(Stored items)
Segment Open
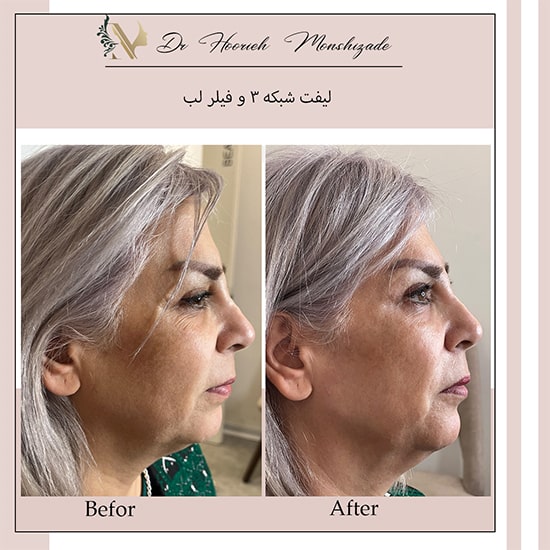 Untitled-4ertert-min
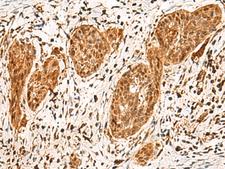 POLR1E Antibody - Immunohistochemistry of paraffin-embedded Human esophagus cancer tissue  using POLR1E Polyclonal Antibody at dilution of 1:40(×200)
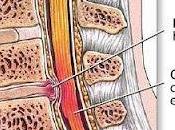Dolor Lumbar Hernia Discal,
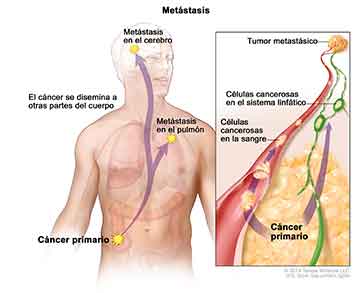 Metástasis; en la ilustración, se muestra un cáncer primario que se diseminó desde el colon hasta otras partes del cuerpo (pulmón y cerebro). En el panel, se muestran células cancerosas que se diseminan desde el cáncer primario, por medio de sistema vascular y linfático, hasta otra parte del cuerpo donde se formó un tumor metastásico.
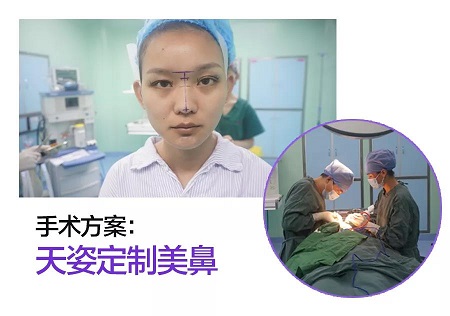 術(shù)后半個(gè)月Get專業(yè)混血臉！可萌可酷美翻了~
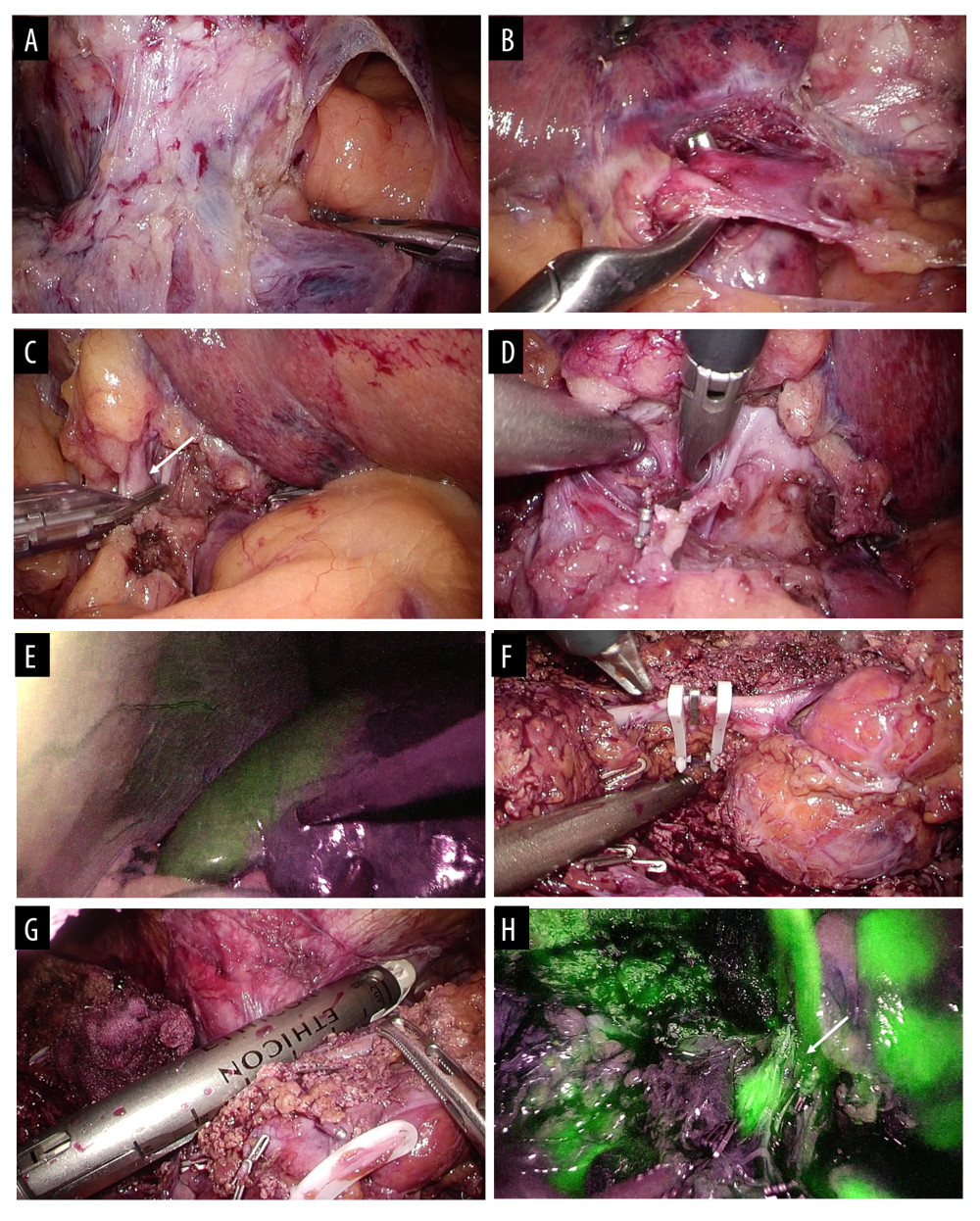 Surgical procedure is shown. (A) The root of the left and middle hepatic vein was visualized. (B) The ductus venosus was visualized and transected. (C) The left hepatic artery was identified and clipped (white arrow). (D) Small vessels from cavernous transformation were individually clipped and divided. (E) Demarcation line was clarified by ICG imaging. (F) The middle hepatic vein was exposed and divided at the tumor invasion. (G) The roots of the left and middle hepatic veins were transected by a linear stapler. (H) The left hepatic duct was visualized by ICG imaging (white arrow).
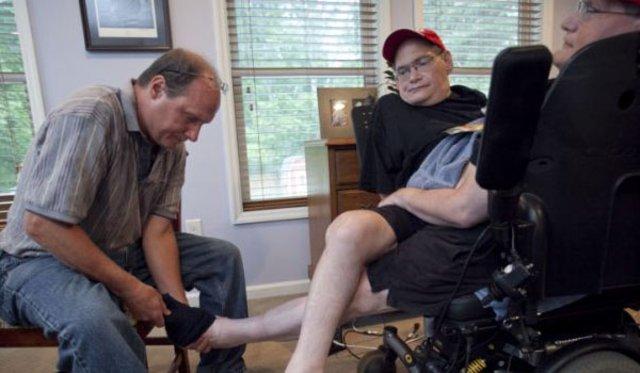 ABD'li ikizler 62 yıldır birbirlerine yapışık yaşıyorlar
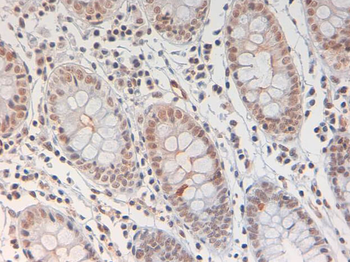 STAT3 phospho Y705 Antibody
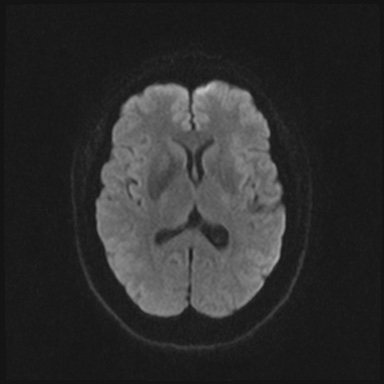 File:Cavernous sinus meningioma (Radiopaedia 63682-72367 DWI 53).jpg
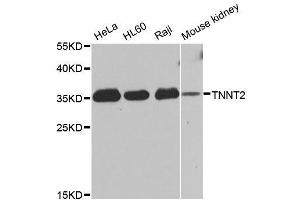Western blot analysis of extracts of various cell lines, using TNNT2 antibody. (Cardiac Troponin T2 抗体  (AA 1-120))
Segment Closed
**Work item:** Please retype the data exactly. The pictures do not go in.

**Finished exercise:**
 Untitled-4ertert-min
 POLR1E Antibody - Immunohistochemistry of paraffin-embedded Human esophagus cancer tissue  using POLR1E Polyclonal Antibody at dilution of 1:40(×200)
Dolor Lumbar Hernia Discal,
 Metástasis; en la ilustración, se muestra un cáncer primario que se diseminó desde el colon hasta otras partes del cuerpo (pulmón y cerebro). En el panel, se muestran células cancerosas que se diseminan desde el cáncer primario, por medio de sistema vascular y linfático, hasta otra parte del cuerpo donde se formó un tumor metastásico.
 術(shù)后半個(gè)月Get專業(yè)混血臉！可萌可酷美翻了~
 Surgical procedure is shown. (A) The root of the left and middle hepatic vein was visualized. (B) The ductus venosus was visualized and transected. (C) The left hepatic artery was identified and clipped (white arrow). (D) Small vessels from cavernous transformation were individually clipped and divided. (E) Demarcation line was clarified by ICG imaging. (F) The middle hepatic vein was exposed and divided at the tumor invasion. (G) The roots of the left and middle hepatic veins were transected by a linear stapler. (H) The left hepatic duct was visualized by ICG imaging (white arrow).
 ABD'li ikizler 62 yıldır birbirlerine yapışık yaşıyorlar
 STAT3 phospho Y705 Antibody
 File:Cavernous sinus meningioma (Radiopaedia 63682-72367 DWI 53).jpg
Western blot analysis of extracts of various cell lines, using TNNT2 antibody. (Cardiac Troponin T2 抗体  (AA 1-120))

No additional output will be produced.